Fix array with rows of different lengths by filling the empty elements with zeros

Question

The functionality I am looking for looks something like this:

data = np.array([[1, 2, 3, 4],
                 [2, 3, 1],
                 [5, 5, 5, 5],
                 [1, 1]])

result = fix(data)
print result

[[ 1.  2.  3.  4.]
 [ 2.  3.  1.  0.]
 [ 5.  5.  5.  5.]
 [ 1.  1.  0.  0.]]

These data arrays I'm working with are really large so I would really appreciate the most efficient solution.

Edit: Data is read in from disk as a python list of lists.

simply add the data type to the array function call, np.array(...,dtype=np.float64)np.array(...,dtype=np.float64), or use loadtxt, savetxt from numpy. — nickpapior
– nickpapior, Commented Aug 16, 2015 at 17:33
@zeroth I have tried that and got ValueError: setting an array element with a sequence. Could you explain more? — user2909415
– user2909415, Commented Aug 16, 2015 at 17:36
Is it likely to be a Sparse matrix with most entries as zero? Can it fit in memory as a dense matrix? — musically_ut
– musically_ut, Commented Aug 16, 2015 at 17:54
@musically_ut No it isn't sparse.
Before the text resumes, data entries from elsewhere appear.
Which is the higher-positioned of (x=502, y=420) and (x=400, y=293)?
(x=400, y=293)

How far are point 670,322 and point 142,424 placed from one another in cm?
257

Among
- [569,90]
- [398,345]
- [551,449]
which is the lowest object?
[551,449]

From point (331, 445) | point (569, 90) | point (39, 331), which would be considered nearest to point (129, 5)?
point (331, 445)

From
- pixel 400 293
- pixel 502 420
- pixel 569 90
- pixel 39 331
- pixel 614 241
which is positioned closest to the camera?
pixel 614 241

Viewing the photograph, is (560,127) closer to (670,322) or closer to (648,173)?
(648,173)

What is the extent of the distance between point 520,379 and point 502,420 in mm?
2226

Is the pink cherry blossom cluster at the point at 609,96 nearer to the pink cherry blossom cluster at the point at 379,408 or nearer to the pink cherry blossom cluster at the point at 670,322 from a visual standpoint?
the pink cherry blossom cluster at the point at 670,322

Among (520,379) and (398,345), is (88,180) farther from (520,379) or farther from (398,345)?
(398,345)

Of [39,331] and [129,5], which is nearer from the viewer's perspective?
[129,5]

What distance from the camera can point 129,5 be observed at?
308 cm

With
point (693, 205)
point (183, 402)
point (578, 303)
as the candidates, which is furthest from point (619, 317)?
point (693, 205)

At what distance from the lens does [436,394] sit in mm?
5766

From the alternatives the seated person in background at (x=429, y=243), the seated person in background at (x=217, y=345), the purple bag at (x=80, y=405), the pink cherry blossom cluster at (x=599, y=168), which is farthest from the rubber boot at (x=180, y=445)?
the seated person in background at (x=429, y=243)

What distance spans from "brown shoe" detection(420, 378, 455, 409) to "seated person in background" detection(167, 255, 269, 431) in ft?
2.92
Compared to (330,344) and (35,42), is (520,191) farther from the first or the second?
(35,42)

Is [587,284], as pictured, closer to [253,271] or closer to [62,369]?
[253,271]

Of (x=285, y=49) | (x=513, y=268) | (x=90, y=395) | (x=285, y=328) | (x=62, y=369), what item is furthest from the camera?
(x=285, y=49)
Often there are only 1-3 elements missing at the ends. — user2909415
– user2909415, Commented Aug 16, 2015 at 18:10

Divakar · Accepted Answer · 2016-11-14 13:07:03Z

28

This could be one approach -

def numpy_fillna(data):
    # Get lengths of each row of data
    lens = np.array([len(i) for i in data])

    # Mask of valid places in each row
    mask = np.arange(lens.max()) < lens[:,None]
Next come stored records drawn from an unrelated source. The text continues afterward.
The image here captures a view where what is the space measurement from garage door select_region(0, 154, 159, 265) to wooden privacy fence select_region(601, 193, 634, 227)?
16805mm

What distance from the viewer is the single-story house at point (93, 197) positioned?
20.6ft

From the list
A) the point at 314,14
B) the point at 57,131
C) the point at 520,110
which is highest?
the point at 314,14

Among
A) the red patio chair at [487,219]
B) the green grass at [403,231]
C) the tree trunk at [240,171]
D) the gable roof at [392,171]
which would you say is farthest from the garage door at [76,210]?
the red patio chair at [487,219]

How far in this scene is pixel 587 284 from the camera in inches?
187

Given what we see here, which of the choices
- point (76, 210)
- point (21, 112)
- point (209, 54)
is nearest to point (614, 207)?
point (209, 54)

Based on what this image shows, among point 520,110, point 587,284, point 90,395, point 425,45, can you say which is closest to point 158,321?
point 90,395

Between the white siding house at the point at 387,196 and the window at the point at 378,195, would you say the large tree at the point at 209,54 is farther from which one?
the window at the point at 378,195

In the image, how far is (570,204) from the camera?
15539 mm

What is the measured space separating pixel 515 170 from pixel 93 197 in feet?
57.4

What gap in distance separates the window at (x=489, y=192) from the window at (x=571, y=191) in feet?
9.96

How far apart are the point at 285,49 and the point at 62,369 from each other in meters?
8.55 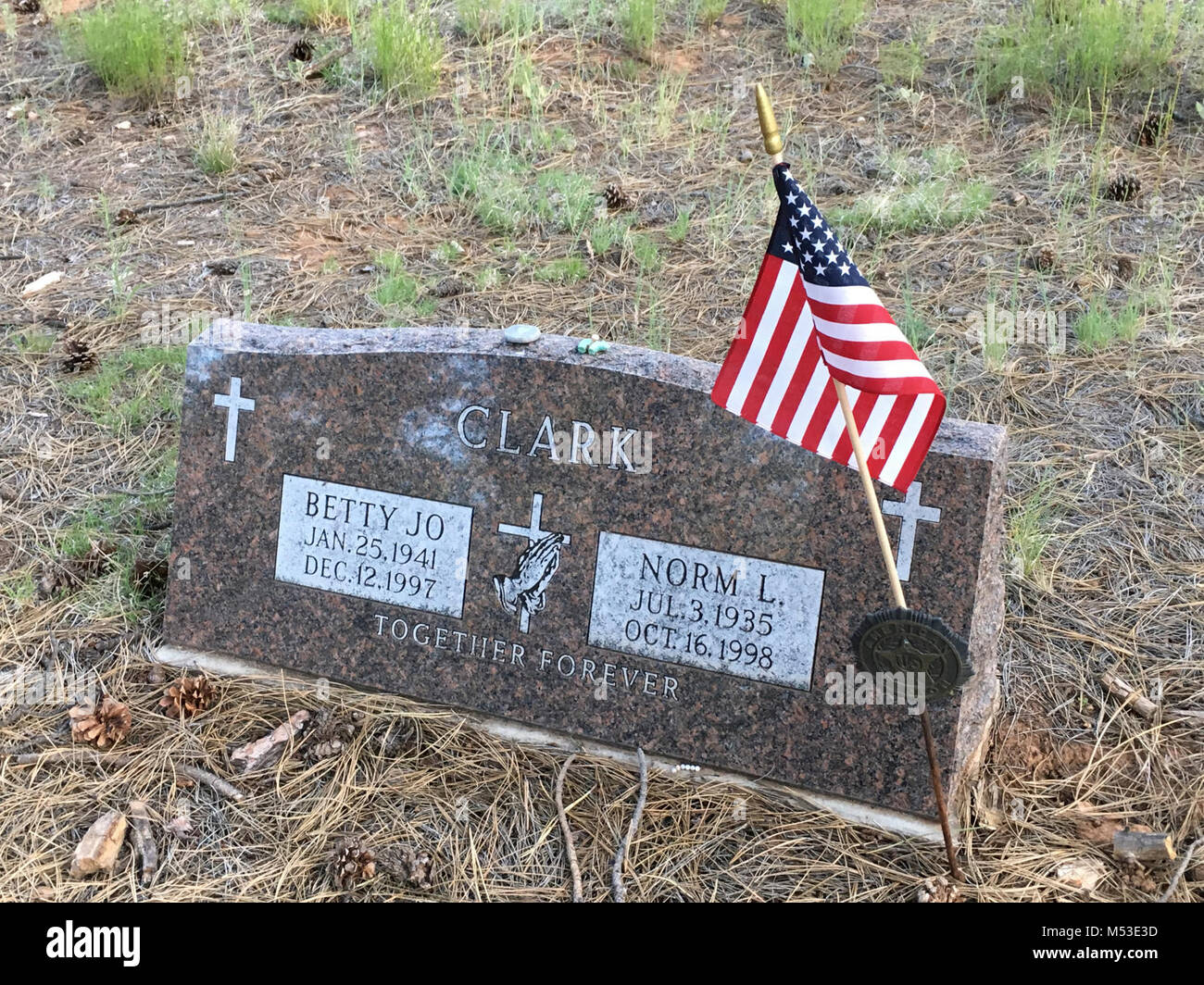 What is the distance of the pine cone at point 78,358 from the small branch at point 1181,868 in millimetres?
3923

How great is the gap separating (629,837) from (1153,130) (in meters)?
4.01

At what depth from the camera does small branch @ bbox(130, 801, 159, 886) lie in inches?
114

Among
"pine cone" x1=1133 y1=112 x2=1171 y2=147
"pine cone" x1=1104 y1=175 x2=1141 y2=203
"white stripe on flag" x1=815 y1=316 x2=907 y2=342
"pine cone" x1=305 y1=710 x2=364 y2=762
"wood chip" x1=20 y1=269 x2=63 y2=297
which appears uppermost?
"pine cone" x1=1133 y1=112 x2=1171 y2=147

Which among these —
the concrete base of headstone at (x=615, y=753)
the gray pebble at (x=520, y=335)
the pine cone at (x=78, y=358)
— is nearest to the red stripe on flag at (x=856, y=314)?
the gray pebble at (x=520, y=335)

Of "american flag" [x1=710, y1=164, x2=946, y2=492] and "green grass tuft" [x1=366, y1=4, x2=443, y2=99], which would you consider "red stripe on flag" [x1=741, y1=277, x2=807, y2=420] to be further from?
"green grass tuft" [x1=366, y1=4, x2=443, y2=99]

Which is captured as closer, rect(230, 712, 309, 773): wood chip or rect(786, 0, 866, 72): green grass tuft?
rect(230, 712, 309, 773): wood chip

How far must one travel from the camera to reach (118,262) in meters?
5.00

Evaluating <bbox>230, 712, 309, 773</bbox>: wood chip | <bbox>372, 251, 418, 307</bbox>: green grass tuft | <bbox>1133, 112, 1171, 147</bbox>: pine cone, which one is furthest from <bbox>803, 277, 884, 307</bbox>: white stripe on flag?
<bbox>1133, 112, 1171, 147</bbox>: pine cone

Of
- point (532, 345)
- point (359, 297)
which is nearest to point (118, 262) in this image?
point (359, 297)

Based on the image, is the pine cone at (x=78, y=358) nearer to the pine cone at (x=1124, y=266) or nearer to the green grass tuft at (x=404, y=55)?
the green grass tuft at (x=404, y=55)

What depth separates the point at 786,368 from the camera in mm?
2623

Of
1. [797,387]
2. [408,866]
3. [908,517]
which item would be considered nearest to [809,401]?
[797,387]

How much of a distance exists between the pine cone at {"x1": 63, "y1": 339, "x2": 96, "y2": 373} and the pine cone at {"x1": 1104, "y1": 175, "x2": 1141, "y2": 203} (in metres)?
4.06

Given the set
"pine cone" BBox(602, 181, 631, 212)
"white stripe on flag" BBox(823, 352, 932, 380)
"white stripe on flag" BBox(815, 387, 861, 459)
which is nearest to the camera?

    # Setup output array and put elements from data into masked positions
    out = np.zeros(mask.shape, dtype=data.dtype)
    out[mask] = np.concatenate(data)
    return out

Sample input, output -

In [222]: # Input object dtype array
     ...: data = np.array([[1, 2, 3, 4],
     ...:                  [2, 3, 1],
     ...:                  [5, 5, 5, 5, 8 ,9 ,5],
     ...:                  [1, 1]])

In [223]: numpy_fillna(data)
Out[223]: 
array([[1, 2, 3, 4, 0, 0, 0],
       [2, 3, 1, 0, 0, 0, 0],
       [5, 5, 5, 5, 8, 9, 5],
       [1, 1, 0, 0, 0, 0, 0]], dtype=object)
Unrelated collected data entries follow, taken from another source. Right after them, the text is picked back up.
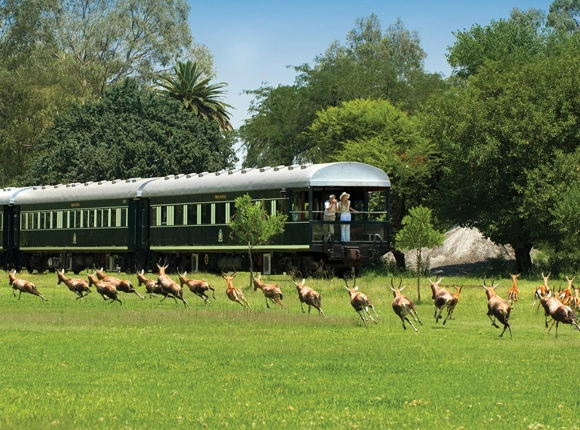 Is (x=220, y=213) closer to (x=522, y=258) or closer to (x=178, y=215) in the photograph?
(x=178, y=215)

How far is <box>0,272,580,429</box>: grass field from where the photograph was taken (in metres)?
12.6

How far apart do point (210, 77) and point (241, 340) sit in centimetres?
7872

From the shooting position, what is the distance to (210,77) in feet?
322

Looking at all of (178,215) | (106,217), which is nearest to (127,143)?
(106,217)

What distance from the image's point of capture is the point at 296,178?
132 feet

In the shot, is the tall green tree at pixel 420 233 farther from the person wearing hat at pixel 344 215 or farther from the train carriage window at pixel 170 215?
the train carriage window at pixel 170 215

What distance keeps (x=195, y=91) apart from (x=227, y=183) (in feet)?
→ 176

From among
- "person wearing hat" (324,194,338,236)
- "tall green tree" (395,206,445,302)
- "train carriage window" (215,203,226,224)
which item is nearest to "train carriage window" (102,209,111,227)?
"train carriage window" (215,203,226,224)

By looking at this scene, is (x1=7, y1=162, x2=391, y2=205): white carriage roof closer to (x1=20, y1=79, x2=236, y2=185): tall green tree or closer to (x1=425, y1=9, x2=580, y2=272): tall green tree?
(x1=425, y1=9, x2=580, y2=272): tall green tree

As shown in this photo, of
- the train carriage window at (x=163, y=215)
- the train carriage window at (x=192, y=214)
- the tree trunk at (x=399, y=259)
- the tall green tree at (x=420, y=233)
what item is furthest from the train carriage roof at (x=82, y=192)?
the tall green tree at (x=420, y=233)

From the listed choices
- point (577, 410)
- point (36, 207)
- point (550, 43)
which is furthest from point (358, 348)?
point (550, 43)

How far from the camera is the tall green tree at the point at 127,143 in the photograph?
74.9 metres

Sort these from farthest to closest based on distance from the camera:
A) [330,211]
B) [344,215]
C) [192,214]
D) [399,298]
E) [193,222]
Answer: [192,214], [193,222], [344,215], [330,211], [399,298]

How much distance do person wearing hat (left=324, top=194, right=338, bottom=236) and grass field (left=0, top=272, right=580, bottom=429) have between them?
12461 millimetres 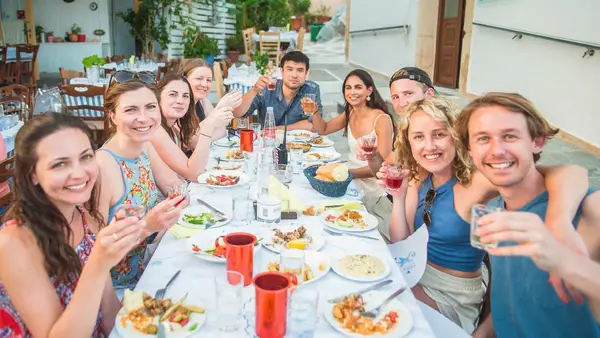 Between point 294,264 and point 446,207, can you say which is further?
point 446,207

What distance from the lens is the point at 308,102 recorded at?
3.51 m

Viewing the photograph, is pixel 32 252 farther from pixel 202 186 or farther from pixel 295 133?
pixel 295 133

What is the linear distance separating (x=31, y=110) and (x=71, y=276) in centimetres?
422

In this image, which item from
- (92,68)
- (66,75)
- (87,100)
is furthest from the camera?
(66,75)

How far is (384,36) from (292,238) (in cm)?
1071

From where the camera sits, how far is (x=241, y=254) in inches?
57.7

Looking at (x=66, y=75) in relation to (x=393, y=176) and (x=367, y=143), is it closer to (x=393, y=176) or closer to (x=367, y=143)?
(x=367, y=143)

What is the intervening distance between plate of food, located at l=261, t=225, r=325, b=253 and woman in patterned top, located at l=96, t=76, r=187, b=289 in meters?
0.46

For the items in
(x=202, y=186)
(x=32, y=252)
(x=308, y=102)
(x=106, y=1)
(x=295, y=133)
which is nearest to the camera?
(x=32, y=252)

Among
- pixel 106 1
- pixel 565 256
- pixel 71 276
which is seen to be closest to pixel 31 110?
pixel 71 276

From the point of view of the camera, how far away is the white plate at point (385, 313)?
4.17ft

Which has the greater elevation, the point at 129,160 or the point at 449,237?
the point at 129,160

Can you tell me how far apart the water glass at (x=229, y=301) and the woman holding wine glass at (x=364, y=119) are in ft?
6.61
edited Nov 14, 2016 at 13:07

answered Aug 17, 2015 at 5:31

Divakar

222k19 gold badges273 silver badges374 bronze badges

Sign up to request clarification or add additional context in comments.

3 Comments

Jerry Londergaard Over a year ago

The accepted answer is almost correct. I assume it was an oversight, but the following: # Mask of valid places in each row mask = np.arange(lens.size) < lens[:,None] Should Actually be: # Mask of valid places in each row mask = np.arange(max(lens)) < lens[:,None] The accepted answer happens to work for the tested input because lens.size == max(lens). If it's not, it no longer works...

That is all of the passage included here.